Does population health change with macroeconomic trends? Numerous studies have tried to answer the question whether economic conditions are associated with health outcomes, and the results might be counterintuitive for many people. Past research has shown that economic downturns are often accompanied by lower overall mortality rates and improvements in some measures of physical health. Evidence on causal pathways remains far from settled. One proposed pathway is through improved health behaviors; for example, reduced smoking, loss of excess body weight, and increased leisure-time physical activity during economic downturns.
In our recent study published in the Journal of the Academy of Nutrition and Dietetics, we investigated the relationship between macroeconomic conditions and diet quality among American adults from 1999 to 2018. The period of our study included the largest economic swings in the last 80 years, with both the Great Recession and a recovery. While previous research has focused on diet quality over time, we wanted to look at cyclical changes related to macroeconomic conditions.
We analyzed data from the National Health and Nutrition Examination Survey (NHANES). This biennial survey interviews a cross-section of American adults to recall what foods they have eaten in the last 24 hours. The data capture demographic information including sex, age, race/ethnicity, income, and education level. Diet quality was assessed with the United States Healthy Eating Index (HEI-2015), which measures the extent to which an individual’s diet complies with the 2015-2020 Healthy Eating Guidelines from the U.S. Department of Health and Agriculture. The highest HEI-2015 score one can get is 100, representing a perfect adherence to the guidelines.

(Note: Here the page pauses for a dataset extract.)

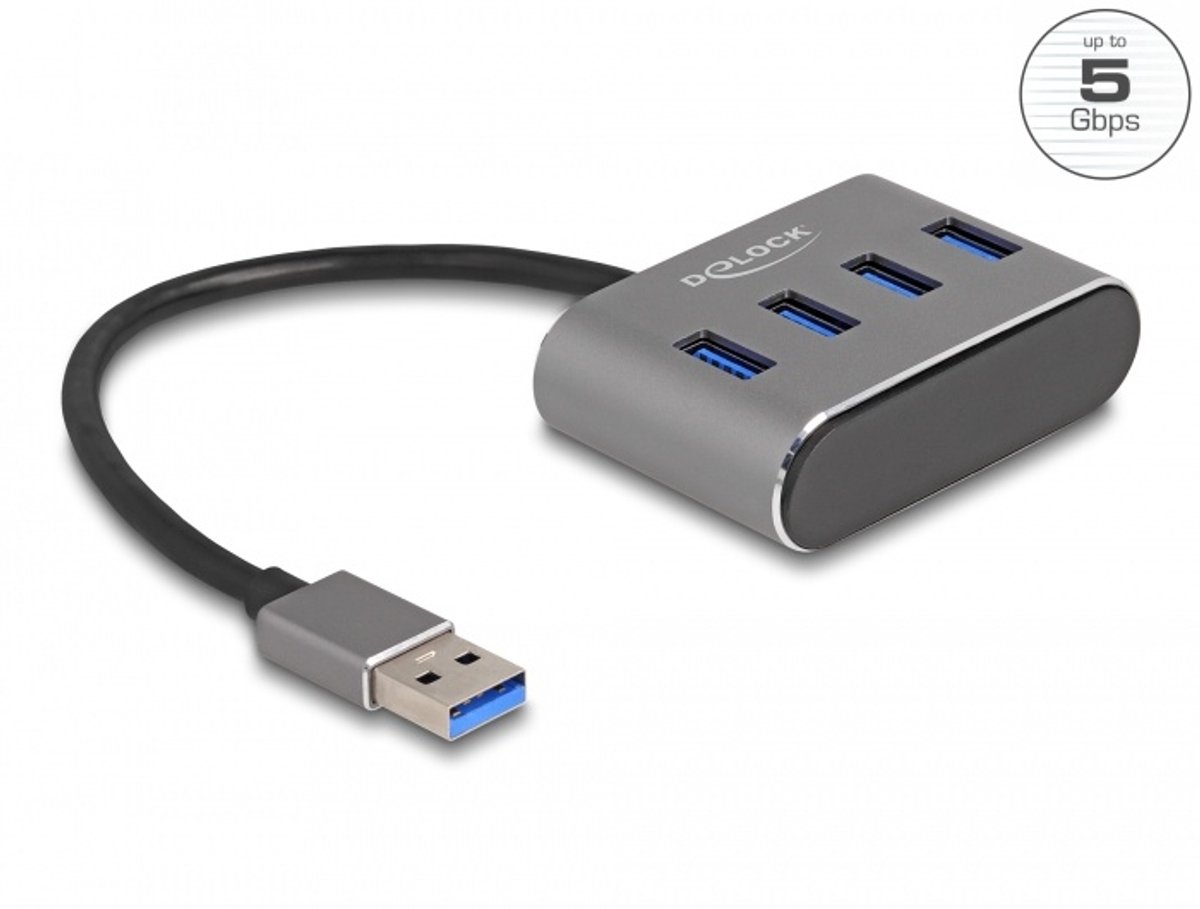Image of Delock 4 Port USB 5 Gbps Hub with USB Type-A connector – USB Type-A ports on top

What we found is that Americans had healthier diets when unemployment rates were at high levels, and diet quality at the population level deteriorated under improving macroeconomic conditions.
What we found is that Americans had healthier diets when unemployment rates were at high levels, and diet quality at the population level deteriorated under improving macroeconomic conditions. While American diets steadily improved from 1999 to 2012, the quality of the American diet started to drop in 2013 and reached a 20-year low in 2018. Overall, the highest HEI-2015 score for US adults was 51.7 in the 2011/2012 wave when unemployment rates were soaring, and the lowest was 49.35 in the 2017/2018 wave after the economy recovered.

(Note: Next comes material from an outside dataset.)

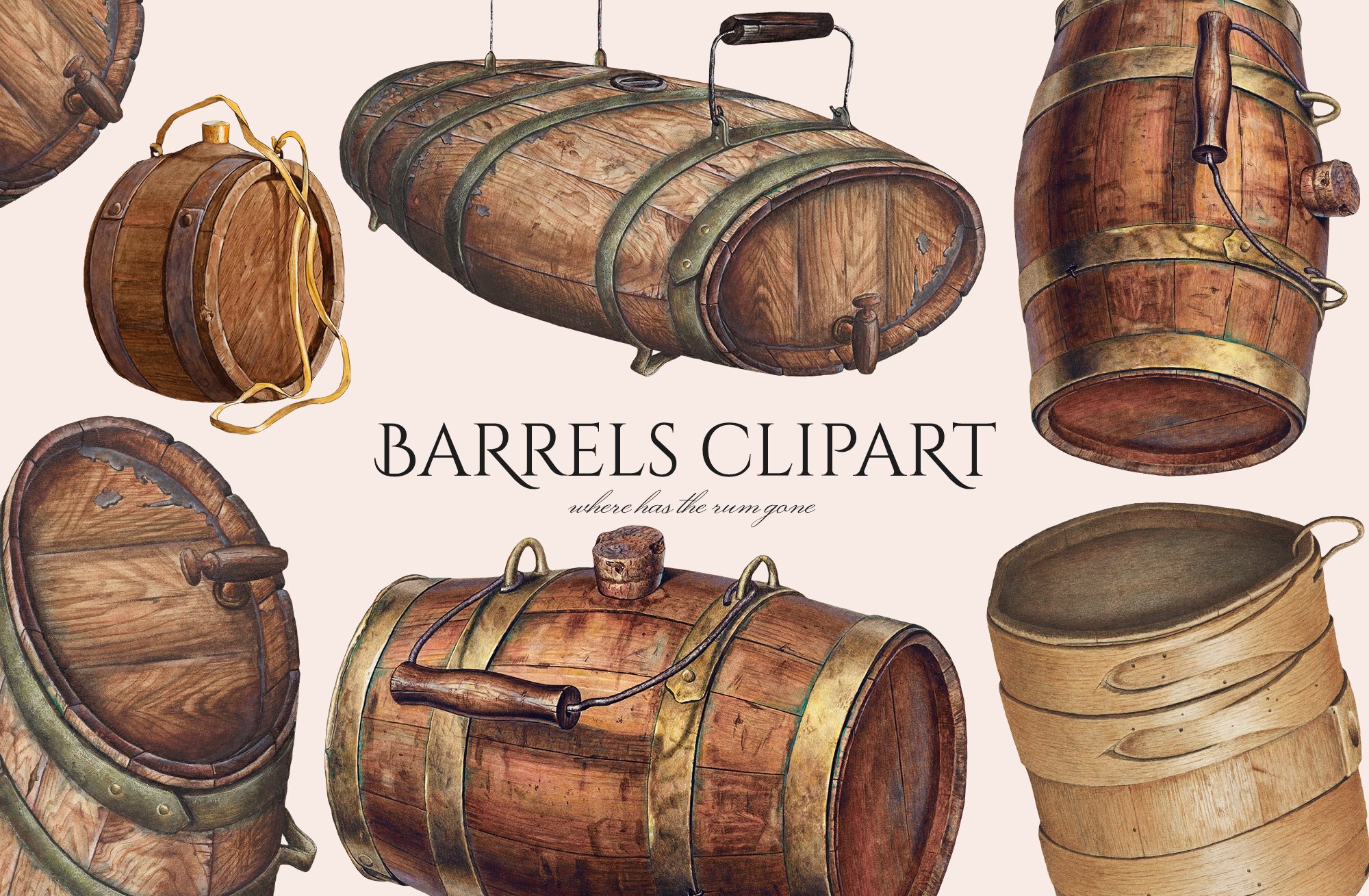 Vintage Barrels & Kegs Set cover image.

Some might wonder, could the differences in HEI-2015 scores over time be the product of compositional changes across NHANES waves? For example, the percentage of interviewees with less than a high school education in NHANES decreased 1999 to 2018, and lower educational level has been found to be associated with poorer diet quality. To account for the demographic changes across NAHNES waves, we controlled for sex, age, race/ethnicity, and educational level in the main analysis, which makes the trend of HEI-2015 scores independent from the aforementioned variables.
A plausible explanation for the observed trends is that more people prepared food at home and dined less frequently at restaurants. Economizing and cooking at home may result in more inconvenience, but it does not imply deteriorating diet quality. Home-cooked food becomes more attractive and economical during worse economic times. More frequent cooking at home is associated with better diet quality among both lower-income and higher-income adults.
More studies are certainly needed to establish the pathways, and it will be interesting to see if the diet quality trend holds during the COVID-19 pandemic. With so many restaurants closed during the first wave of the COVID-19 pandemic, we suspect that even more significant changes in diet quality may have occurred.